When the neglect of the PNDTA is set against the backdrop of the employment of abortion as a population control measure, there is an innocence to the court’s statement when it states: ‘Unfortunately, developed medical science is misused to get rid of a girl child before birth. Knowing full well that it is immoral and unethical as well as it may amount to an offence, the foetus of a girl child is aborted by qualified and unqualified doctors or compounders’ (emphasis added).

Despite concerns about the declining sex ratio, there is a stereotype of the unwanted girl child emerging in the law, which has set down roots in the population debate. Perhaps its most categorical enunciation is found in a decision of the Supreme Court in State of Haryana v. Santra [(2000) 5 Supreme Court Cases 182]. In 1988, Santra underwent a sterilisation operation under a ‘sterilisation scheme’ launched by the Haryana government. Despite the operation, she conceived. She opted for abortion but was advised against it as being likely to endanger her life. Mother of seven children, she then delivered an eighth, a girl child.

Medical negligence, said the court, plays its games in strange ways. Sometimes it gifts a poor labourer woman with a female child. And when this happens ‘in a country where the population is increasing by the tick of every second on the clock and the government had taken up family planning as an important programme for the implementation of which it had created mass awakening for the use of various devices including sterilisation operation, the doctor as also the state must be held responsible in damages... (for) failure on account of... negligence... ’ In awarding ‘full damages from the state government to enable (Santra) to bring up the child at least until she attains puberty,’ the court showed a particular sympathy as the ‘unwanted child (girl) born to her has created additional burden for her...’

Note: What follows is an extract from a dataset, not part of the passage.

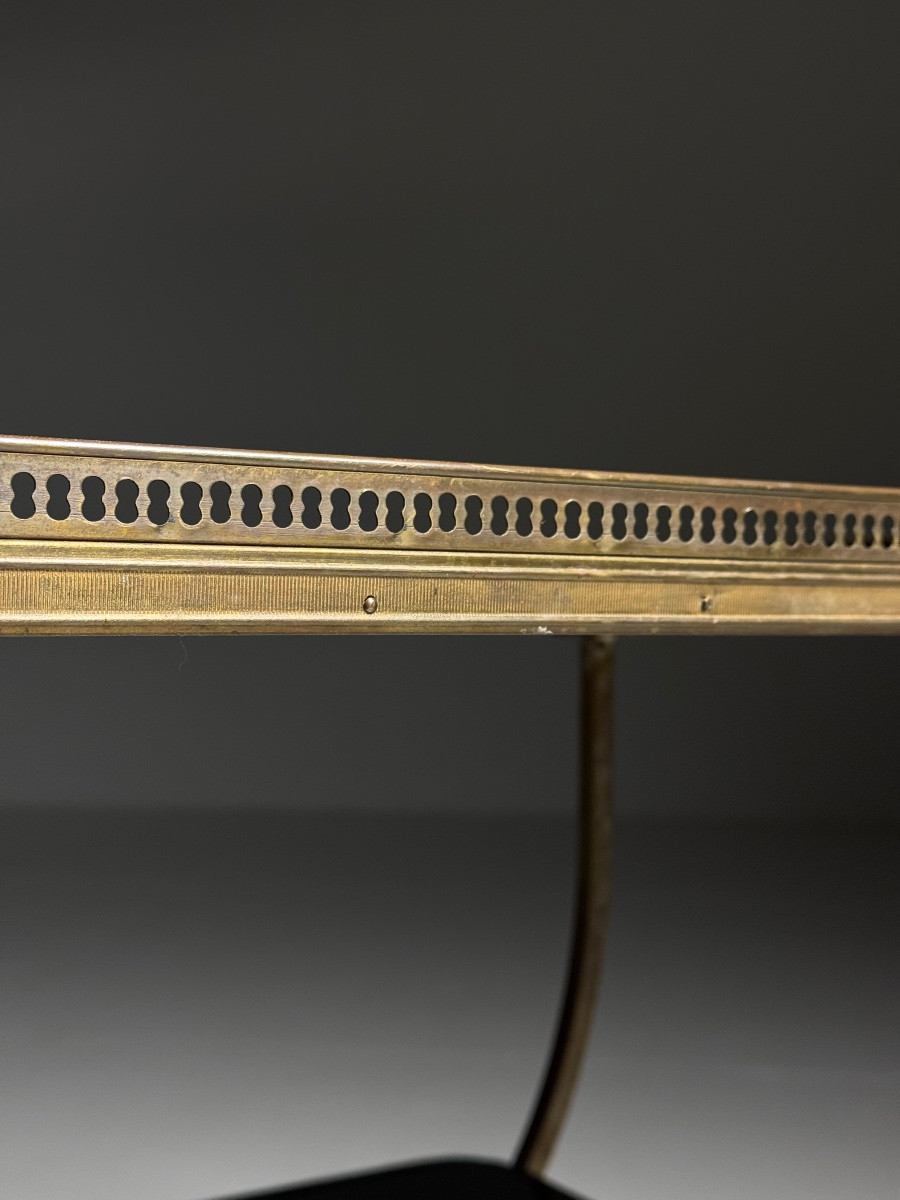 Table d'appoint Mid-century en verre noir-photo-5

This passive acceptance of the rejection of the girl child is a theme not unique to the law. But when laws and court decisions begin to equate the birth of a girl child with the monetary burdening of the parents, it is a question of legitimising this perception of the girl child. When this gets located in the imperatives of population control, the law seems to speak with a forked tongue. And in the telling of Santra’s tale, it is difficult not to notice that it is not medical negligence that acted as a spur on the court; it was the ‘additional burden’ of an ‘unwanted child (girl)’ (emphasis added).

The pragmatism of population control has permitted the reprioritising of many of law’s concerns. The burden rests inordinately on women, in particular the impoverished to whom distributive justice could make a positive difference. The deprioritised concerns of the health and safety of labouring women or of their participation in political power, for instance, have had to move over and make place for (dis)incentive regimes in law, revealing a disjunction between the original purpose of a legislation and the import of its altered text.